High JVM memory pressure [Data nodes]

Versions OpenSearch: 2.19 / Elasticsearch 7.10 / Lucene: 9.12.1

Describe the issue: High JVM usage

Hello everyone,

I’d really appreciate the community’s help in stabilizing the health of my OpenSearch cluster.

Currently, I have 3 data nodes and a total of 746 shards. I’m experiencing JVM usage spikes reaching up to 94%, and I’m trying to bring this under control. I’ve already been working on reducing the number of shards, but it hasn’t resolved the issue so far.

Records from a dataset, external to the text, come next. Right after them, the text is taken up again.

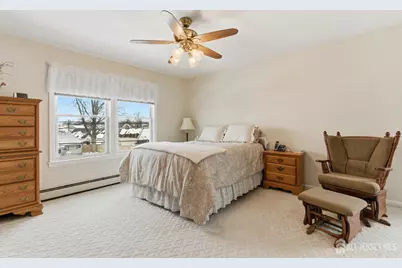 90 Coolidge Avenue, Carteret, NJ 07008 - Photo 18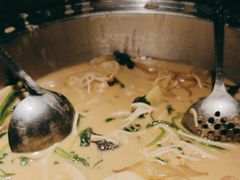 -杨翔豆皮涮牛肚(万和城店)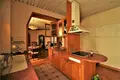 Appartement 3 chambres 225 m² Riga, Lettonie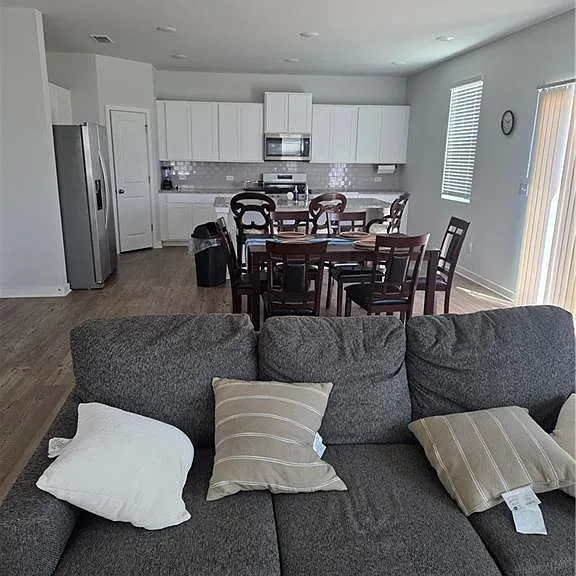 2499 Brown Dove Way — Photo 3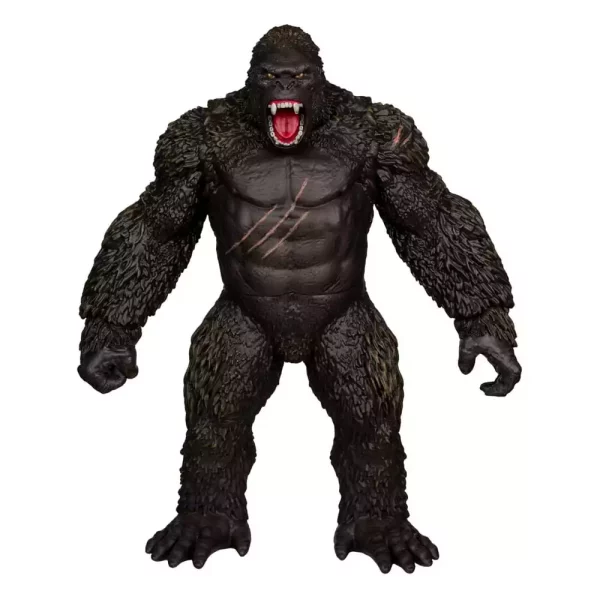dc-justice-league-monsterverse-dc-multiverse-action-figures-2-pack-batman-kong-29-cm-1751222962-7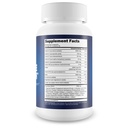 nobel-nerve-clear-advanced-nerve-support-2.jpg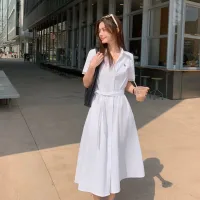 1:1 Ralph Lauren Dress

Has anyone faced a similar situation or can suggest a more definitive approach to address this problem?

Configuration: 3 master nodes: (m7g.medium.search / 2vcpu 4gb ram) and 3 data nodes: (8 cpu e 32gb ram)

Relevant Logs or Screenshots:

@aidevelop46 Is there any pattern in those spikes? Do you know when those spikes started?
How frequent those spikes appear? Do you see more spikes at a specific time of the day?

@aidevelop46

When JVM usage spikes up to 94%, how long does the heap stay at that level? Are GCs triggered frequently during these spikes in an attempt to reclaim occupied objects?

You can check the GC logs at /usr/share/opensearch/logs/gc.log to verify this.